##### Exercise materials

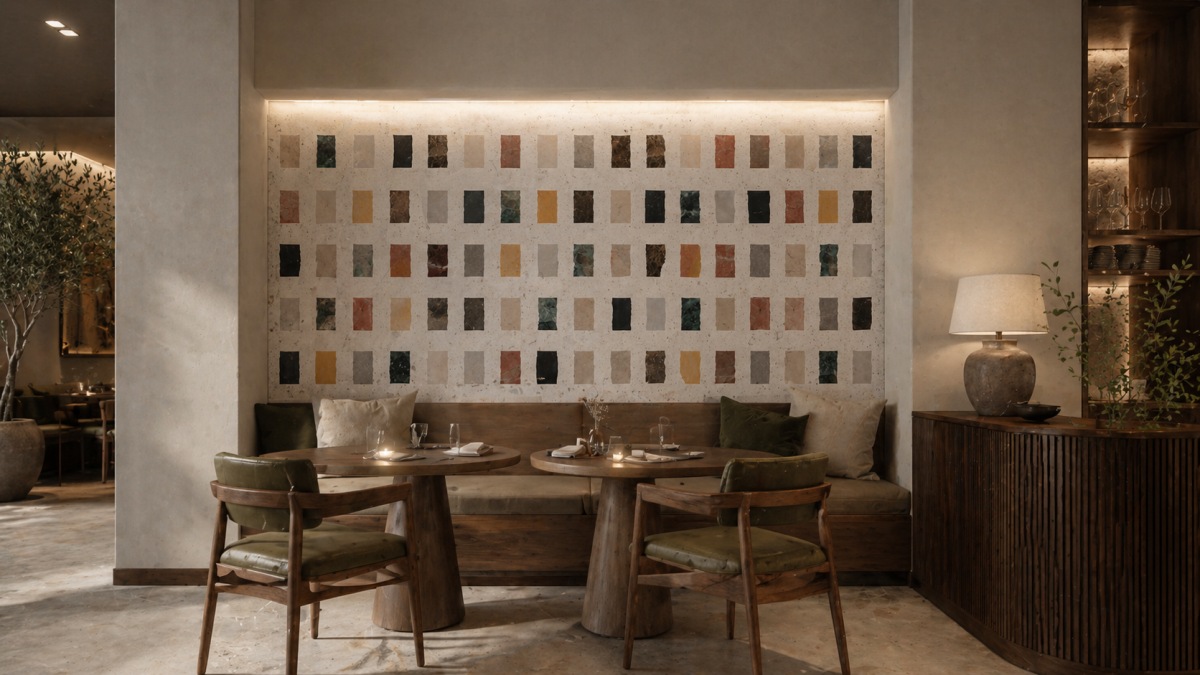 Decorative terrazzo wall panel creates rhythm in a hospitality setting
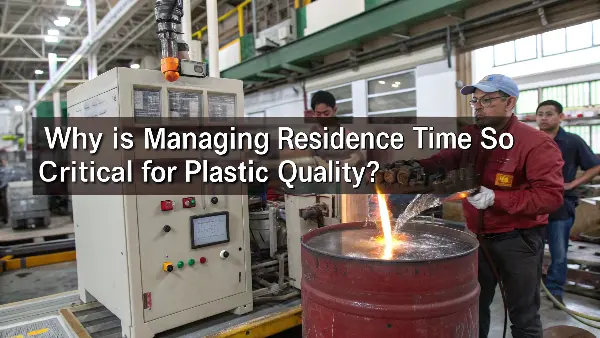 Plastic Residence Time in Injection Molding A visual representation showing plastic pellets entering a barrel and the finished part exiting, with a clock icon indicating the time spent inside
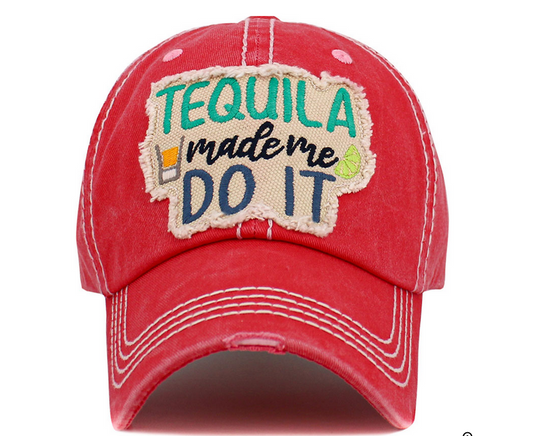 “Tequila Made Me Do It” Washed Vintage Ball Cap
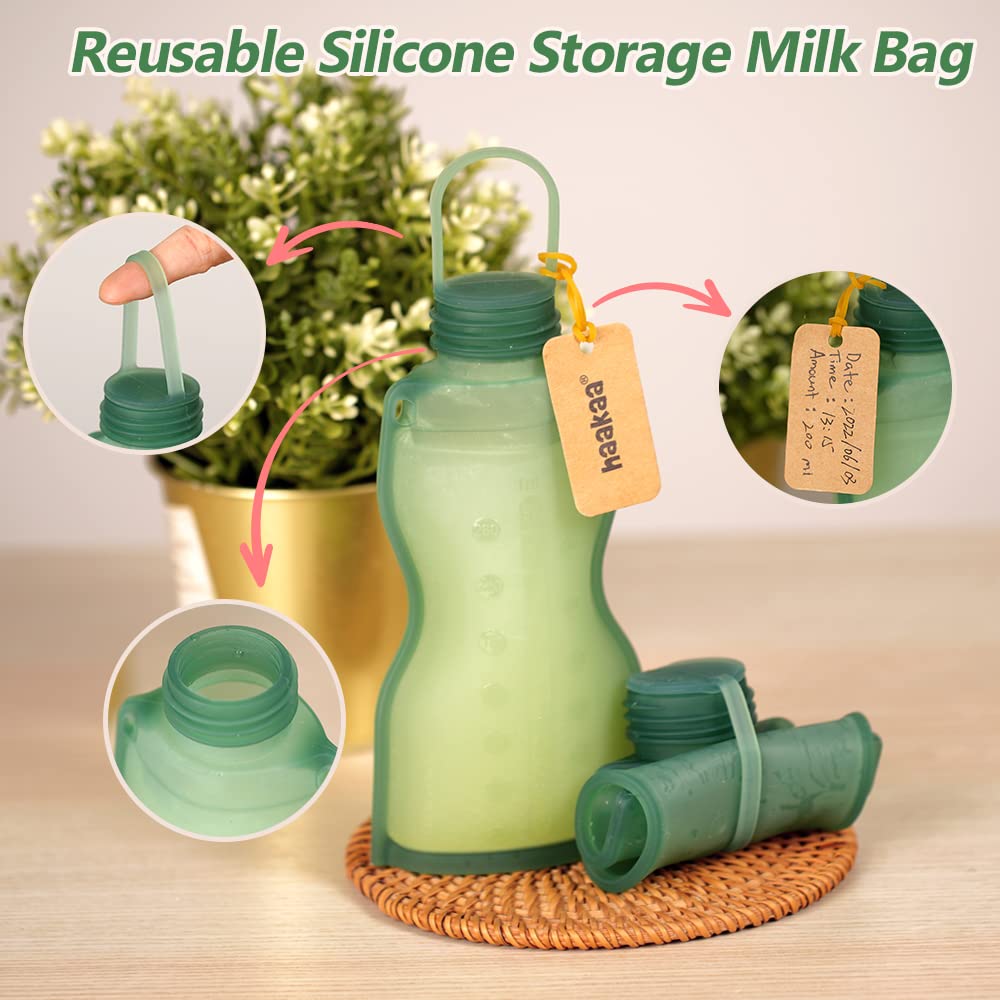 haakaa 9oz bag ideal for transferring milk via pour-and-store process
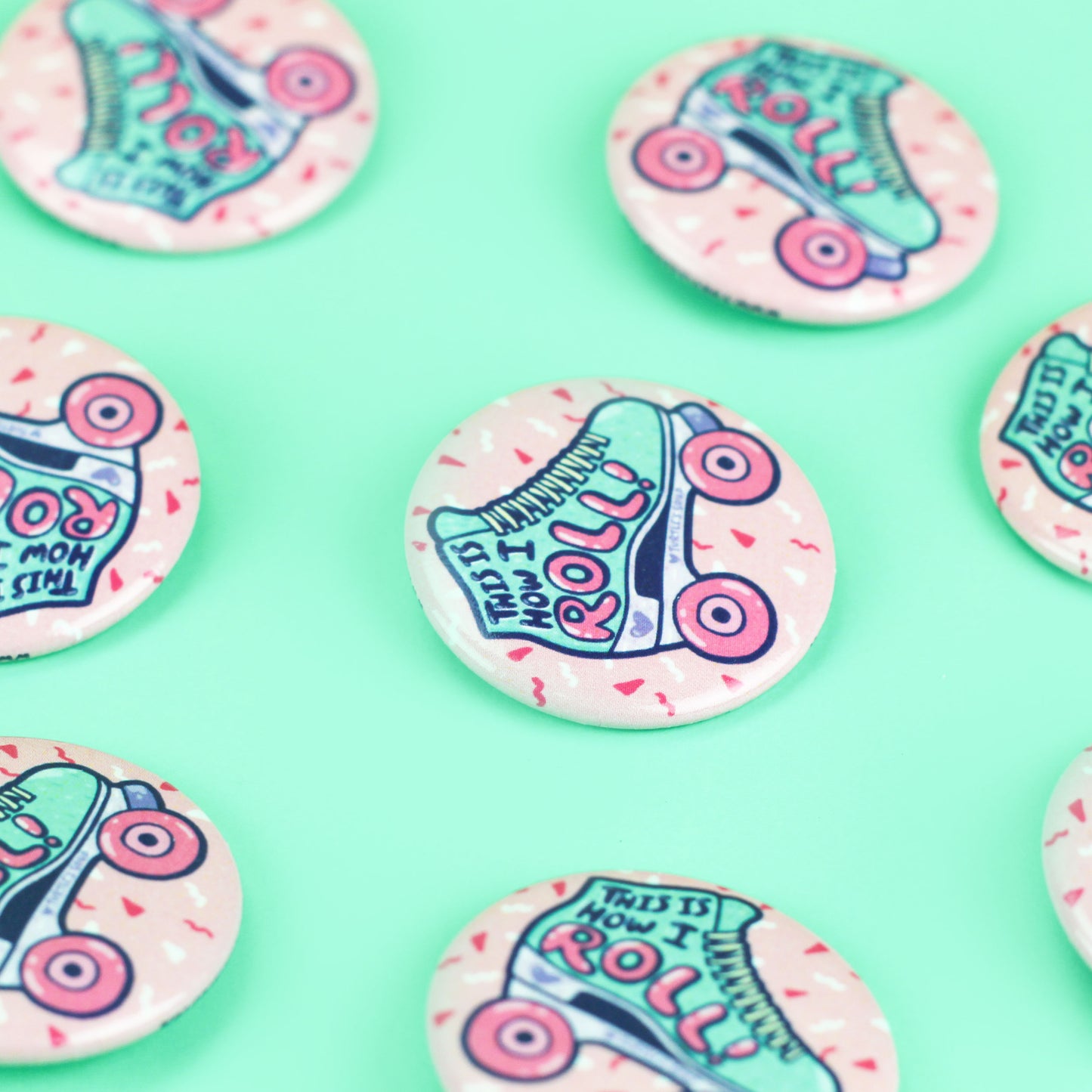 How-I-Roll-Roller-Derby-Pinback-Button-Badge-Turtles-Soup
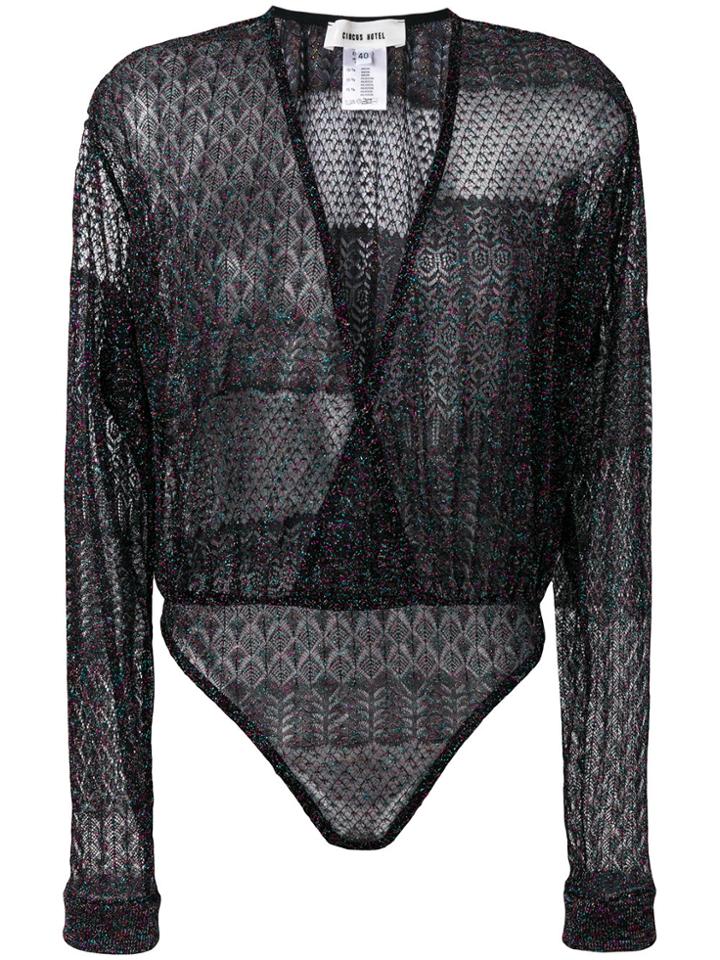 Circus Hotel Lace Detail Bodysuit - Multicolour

##########

▸ **To do**:
The lines from the one with "Plastic Residence Time" to the end of the data above should be retyped exactly, both ends included, and pictures are to be left out.

▸ **Answer**:
 Plastic Residence Time in Injection Molding A visual representation showing plastic pellets entering a barrel and the finished part exiting, with a clock icon indicating the time spent inside
 “Tequila Made Me Do It” Washed Vintage Ball Cap
 haakaa 9oz bag ideal for transferring milk via pour-and-store process
 How-I-Roll-Roller-Derby-Pinback-Button-Badge-Turtles-Soup
 Circus Hotel Lace Detail Bodysuit - Multicolour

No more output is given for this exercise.